Analistas interpretam a escolha dessas localidades como um esforço de Dhaka para recalibrar suas prioridades estratégicas. Embora a visita a Malásia tenha sido a primeira, a viagem à China é considerada mais significativa. Historicamente, a Índia tem sido o principal aliado de líderes sul-asiáticos recém-eleitos, e a viagem de Rahman à China foi vista por alguns na Índia como uma mensagem à Nova Délhi, que tem laços estreitos com a ex-primeira-ministra Sheikh Hasina, deposta em agosto de 2024.

Novos acordos e tensões diplomáticas

Durante sua visita, Rahman firmou vários acordos bilaterais com a China, incluindo um pedido de assistência para a gestão do rio Teesta e um pacto para desenvolver uma zona econômica especial perto do porto de Mongla. Esses movimentos estão sendo monitorados de perto por Nova Délhi, pois as duas potências asiáticas competem pela influência em Bangladesh.

As relações entre Dhaka e Nova Délhi se tornaram tensas após a deposição de Hasina, que se refugiou na Índia. A diplomacia entre os dois países permaneceu conturbada sob o governo interino de Muhammad Yunus, que evitou visitas de alto nível por parte da Índia. Contudo, após a vitória do BNP de Rahman em fevereiro, ambos os lados começaram a tomar iniciativas para restabelecer suas relações.

Desafios na relação Bangladesh-Índia

O ex-secretário de Relações Exteriores da Índia, Shyam Saran, declarou que houve uma relativa diminuição das tensões entre os dois países, com a normalização gradual das atividades econômicas transfronteiriças e a emissão de vistos turísticos para bangladeshi. O serviço de ônibus entre Kolkata e Dhaka, bem como entre Dhaka e Agartala, foi parcialmente retomado após um intervalo de 18 meses.

Entretanto, a aproximação entre Dhaka e Nova Délhi enfrenta desafios. A insatisfação pública em Bangladesh tem crescido devido a sentimentos anti-Índia, principalmente relacionados ao apoio de Nova Délhi a Hasina e às tentativas da Força de Segurança de Fronteira da Índia de expulsar pessoas consideradas imigrantes ilegais.

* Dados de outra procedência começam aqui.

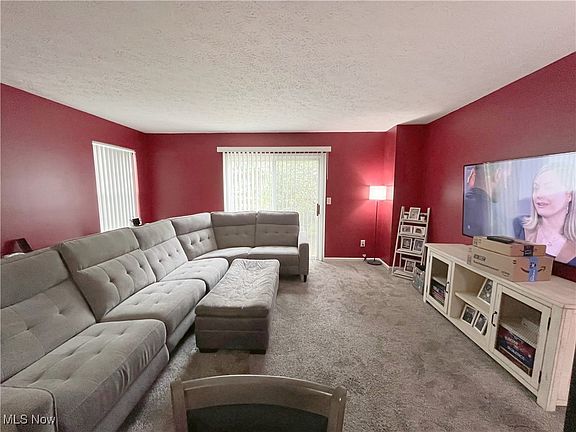 5th image of 63 Canter Ln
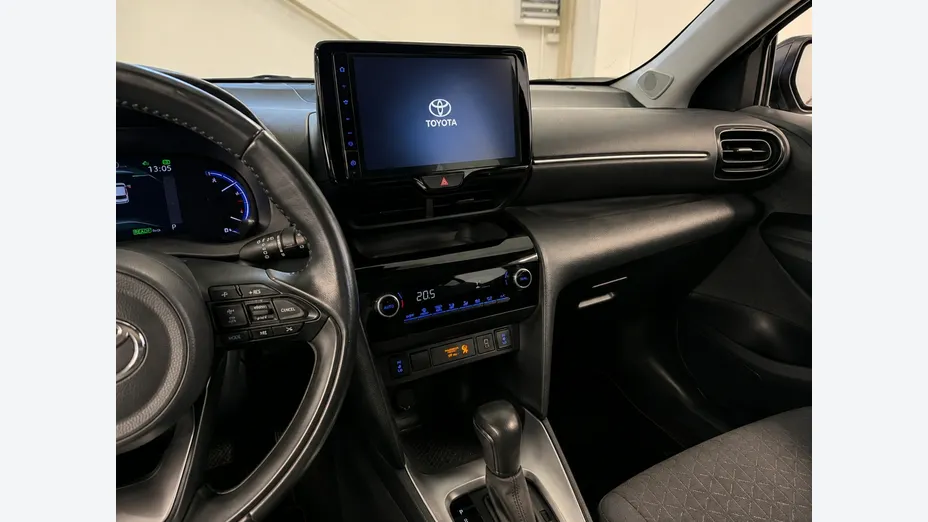 TOYOTA Yaris Cross -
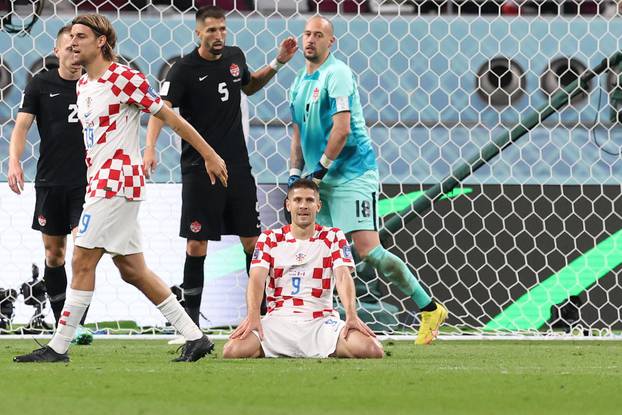 KATAR 2022 - Andrej Kramarić na koljenima nakon gol prilike koju je obranio Borjan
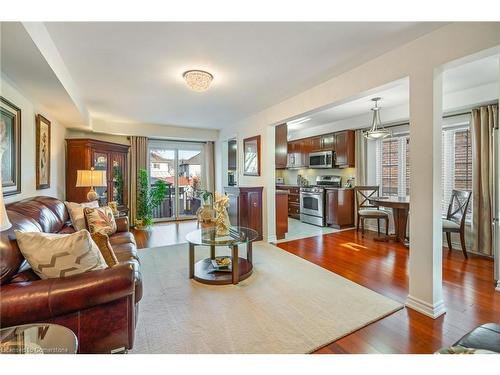 28 Elderberry Avenue, Grimsby, ON - Indoor Photo Showing Living Room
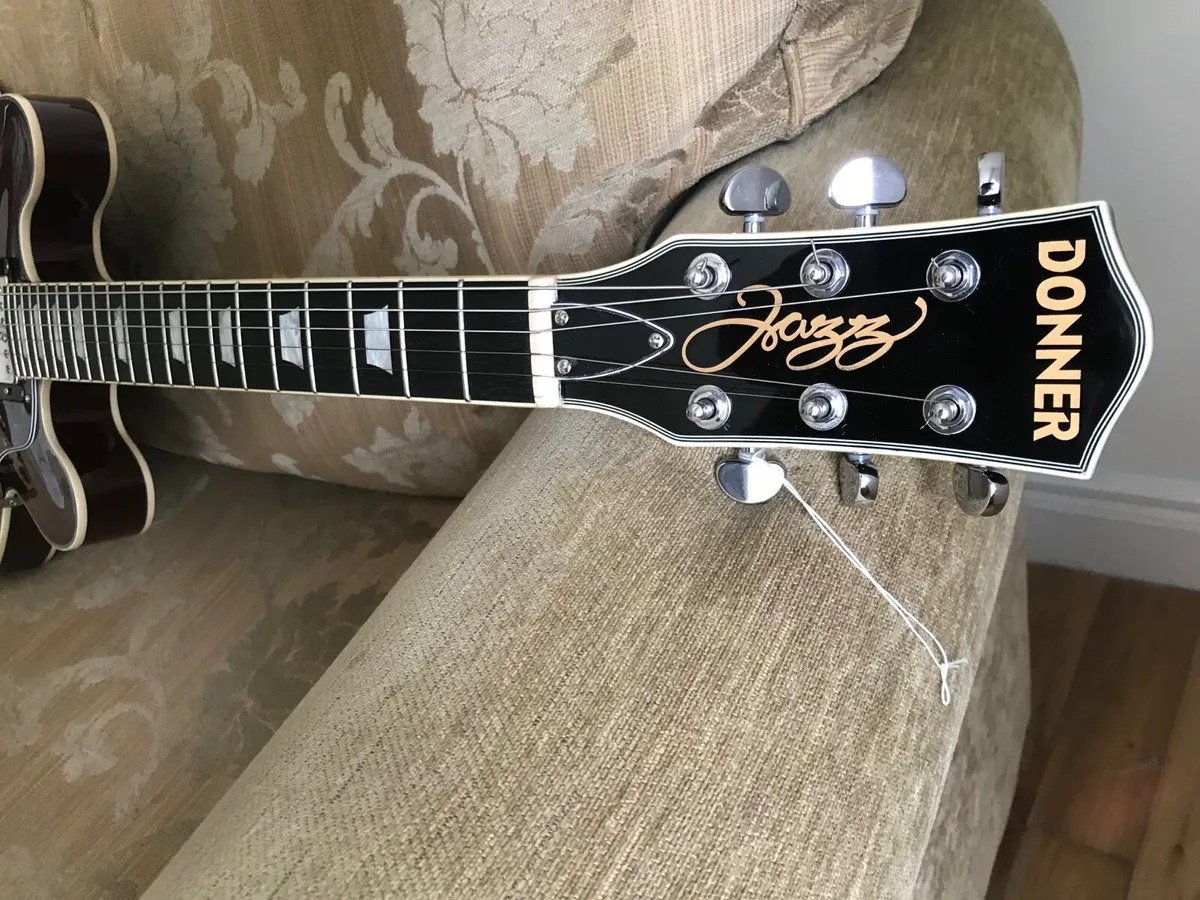 Semi hollow 335 guitar - Image 2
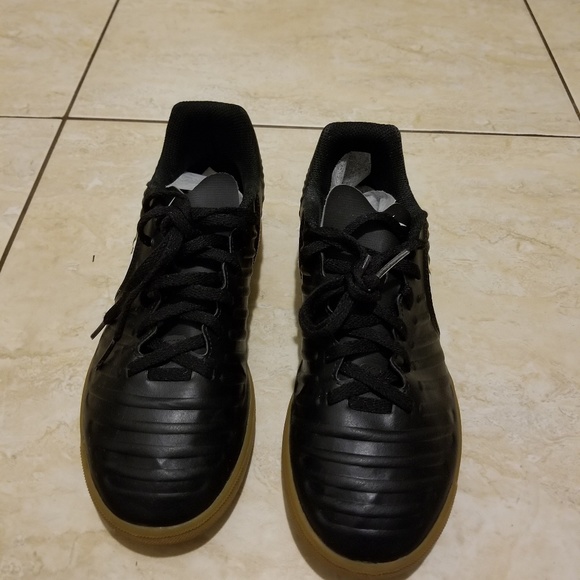 2 for 40| Nike Tempo-x unisex Shoes - Picture 2 of 6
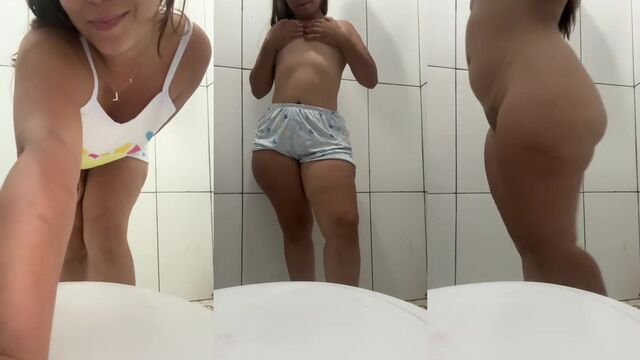 Branquinha gostosa do Brasil Vazou sua buceta na exposição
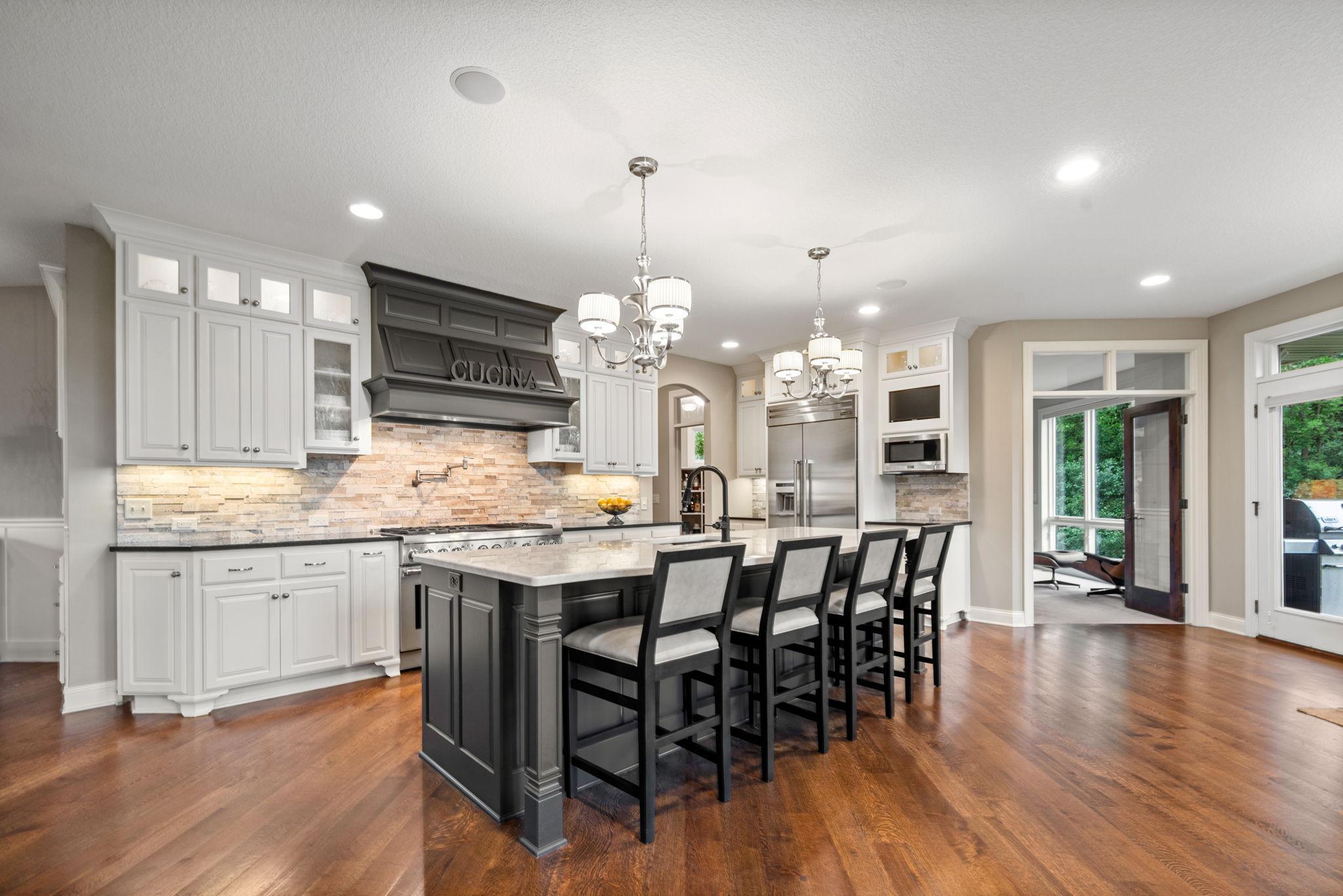 Photo of 15510 53rd Avenue N, Plymouth, MN 55446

Além disso, a questão da gestão do rio Teesta é delicada para a segurança da Índia, que se opõe a qualquer envolvimento da China nessa área. Durante a visita de Rahman a Pequim, as partes concordaram em realizar um estudo de viabilidade técnica conjunto para a gestão do rio, que é essencial para a agricultura na região.

A China já é o maior fornecedor de defesa de Bangladesh, representando mais de 70% das importações de armas do país. Durante a visita, a China também se ofereceu para desenvolver o Corredor Econômico China-Myanmar-Bangladesh, que liga a província de Yunnan aos dois países.

O fortalecimento das relações de Bangladesh com a China e a complexidade das relações com a Índia indicam que Rahman enfrentará um delicado ato de equilíbrio diplomático entre as duas potências regionais.